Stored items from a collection

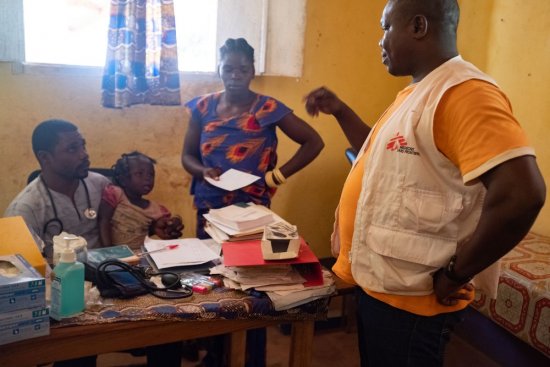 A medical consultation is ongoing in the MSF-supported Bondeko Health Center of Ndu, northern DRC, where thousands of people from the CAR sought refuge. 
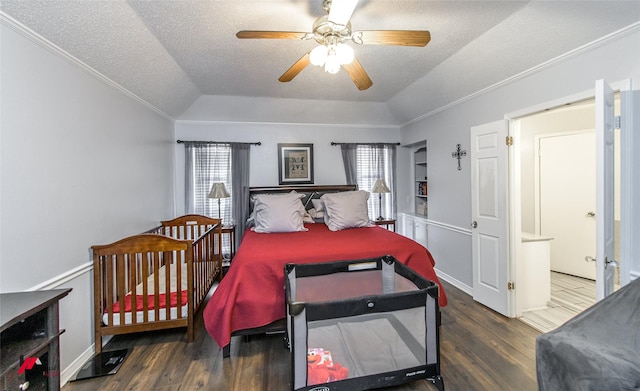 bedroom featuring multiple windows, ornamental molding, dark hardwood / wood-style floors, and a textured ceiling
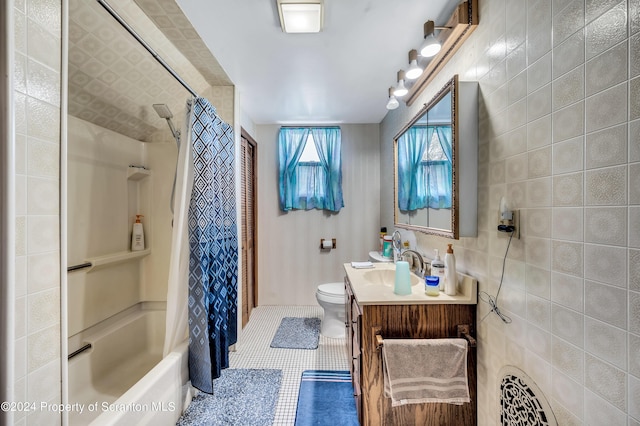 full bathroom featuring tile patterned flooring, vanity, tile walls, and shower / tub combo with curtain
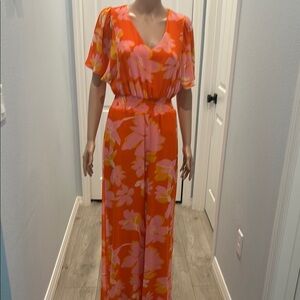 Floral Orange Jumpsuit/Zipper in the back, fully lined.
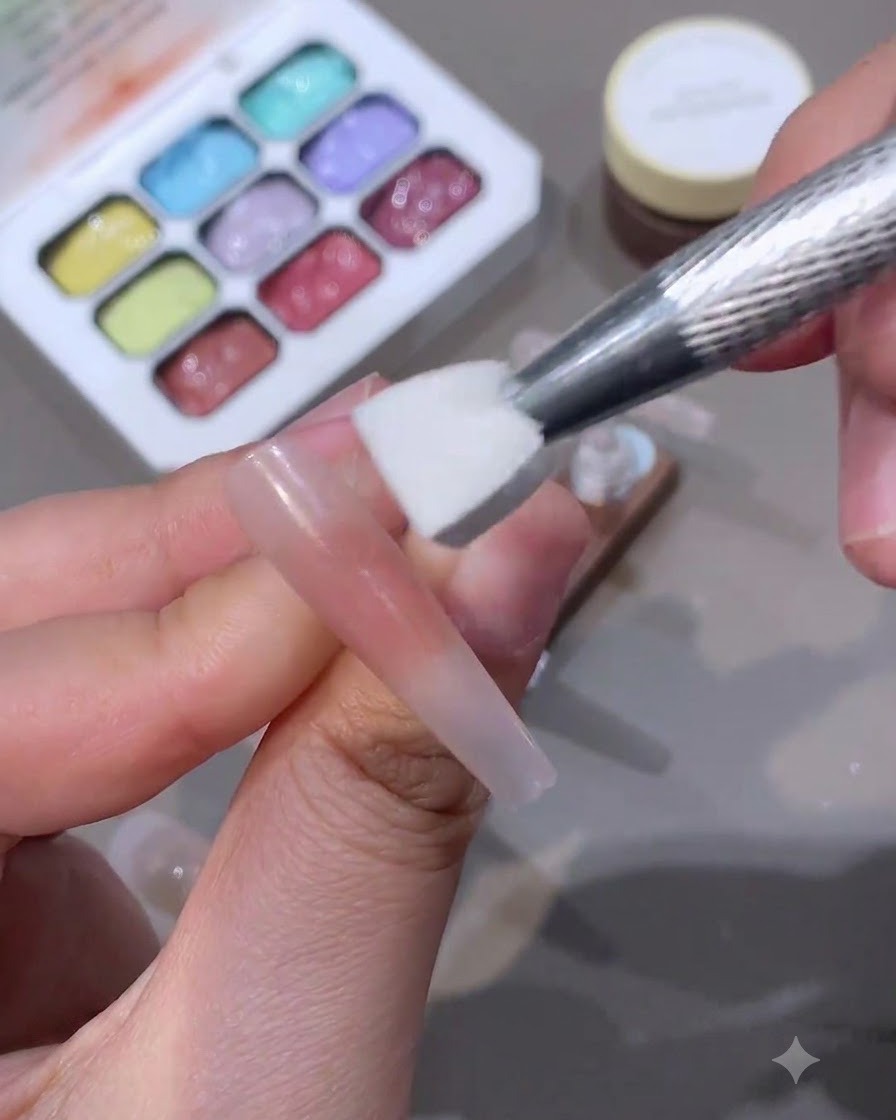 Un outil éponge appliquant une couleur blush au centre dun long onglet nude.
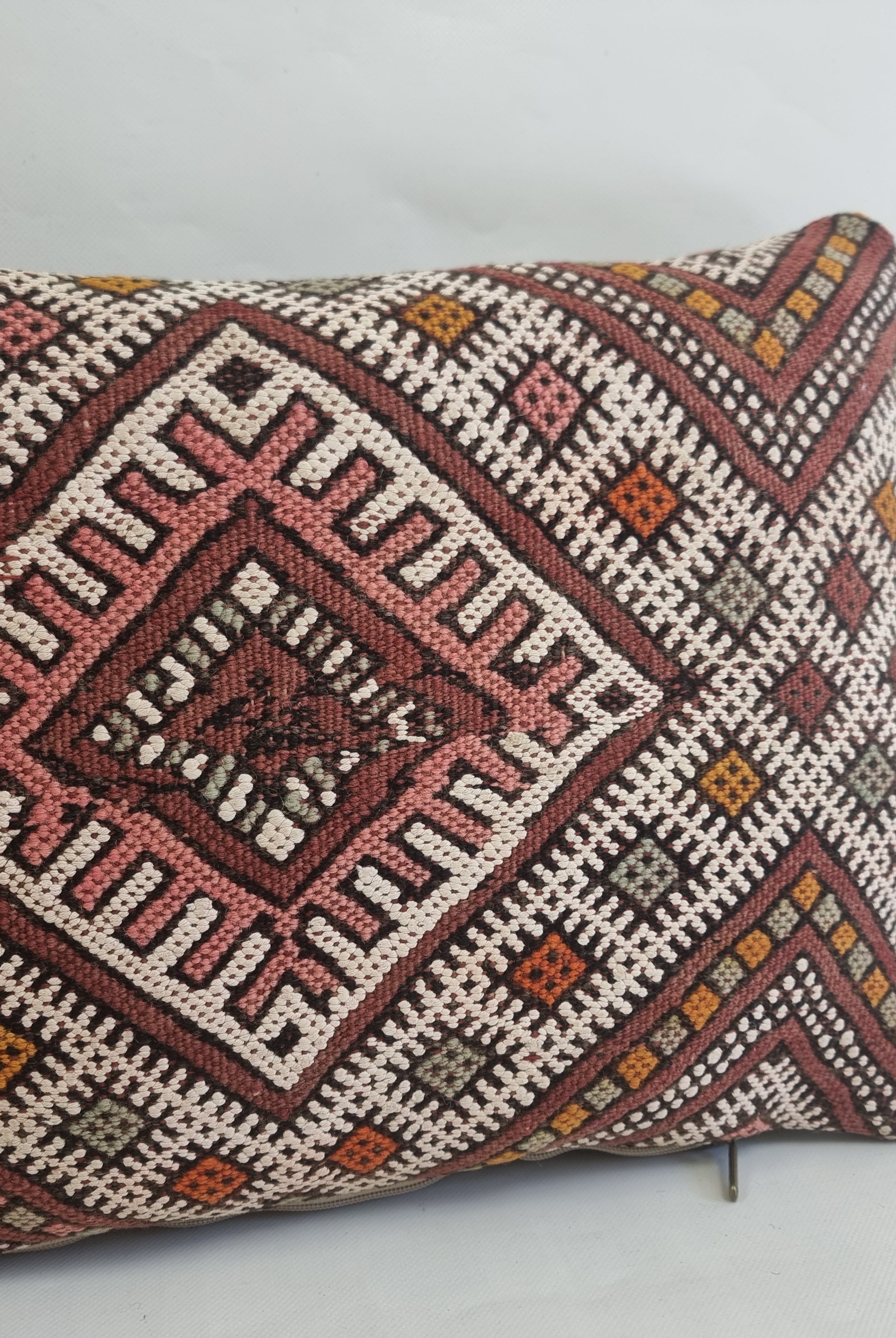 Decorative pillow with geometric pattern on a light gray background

▶ **Your task**
Print exactly the lines from the line with "bedroom featuring multiple" through the end of the data, both ends included, and print no pictures.

▶ **Solution to this exercise**
 bedroom featuring multiple windows, ornamental molding, dark hardwood / wood-style floors, and a textured ceiling
 full bathroom featuring tile patterned flooring, vanity, tile walls, and shower / tub combo with curtain
 Floral Orange Jumpsuit/Zipper in the back, fully lined.
 Un outil éponge appliquant une couleur blush au centre dun long onglet nude.
 Decorative pillow with geometric pattern on a light gray background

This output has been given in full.